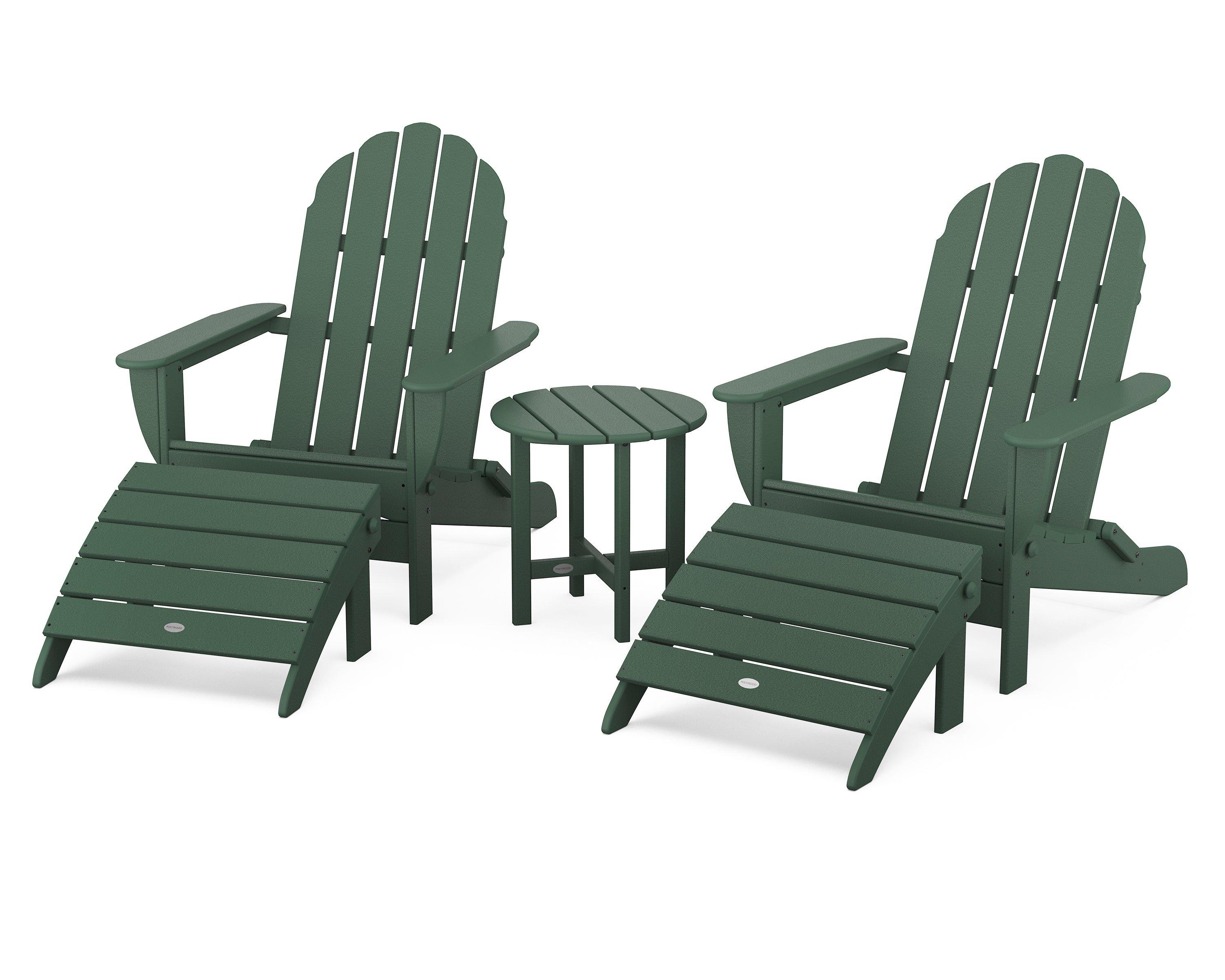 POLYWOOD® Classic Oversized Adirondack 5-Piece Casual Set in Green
------------------------------------------------------------------------
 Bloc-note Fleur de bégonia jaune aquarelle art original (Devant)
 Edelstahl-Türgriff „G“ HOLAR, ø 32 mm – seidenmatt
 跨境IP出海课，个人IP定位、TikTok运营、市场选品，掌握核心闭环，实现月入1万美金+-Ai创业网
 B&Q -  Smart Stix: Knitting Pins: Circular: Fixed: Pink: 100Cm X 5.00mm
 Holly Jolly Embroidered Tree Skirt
------------------------------------------------------------------------
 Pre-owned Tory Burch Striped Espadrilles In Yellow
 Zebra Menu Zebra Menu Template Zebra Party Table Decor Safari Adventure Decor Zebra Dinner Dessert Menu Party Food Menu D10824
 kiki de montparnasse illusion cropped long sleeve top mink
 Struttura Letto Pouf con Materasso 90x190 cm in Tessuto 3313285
------------------------------------------------------------------------
YOUR OBJECTIVE:
Exact duplication is required for the lines above, from the line that contains "Pre-owned Tory Burch" to the line that contains "kiki de montparnasse", inclusive; omit all others.

ANSWER TO THIS EXERCISE:
 Pre-owned Tory Burch Striped Espadrilles In Yellow
 Zebra Menu Zebra Menu Template Zebra Party Table Decor Safari Adventure Decor Zebra Dinner Dessert Menu Party Food Menu D10824
 kiki de montparnasse illusion cropped long sleeve top mink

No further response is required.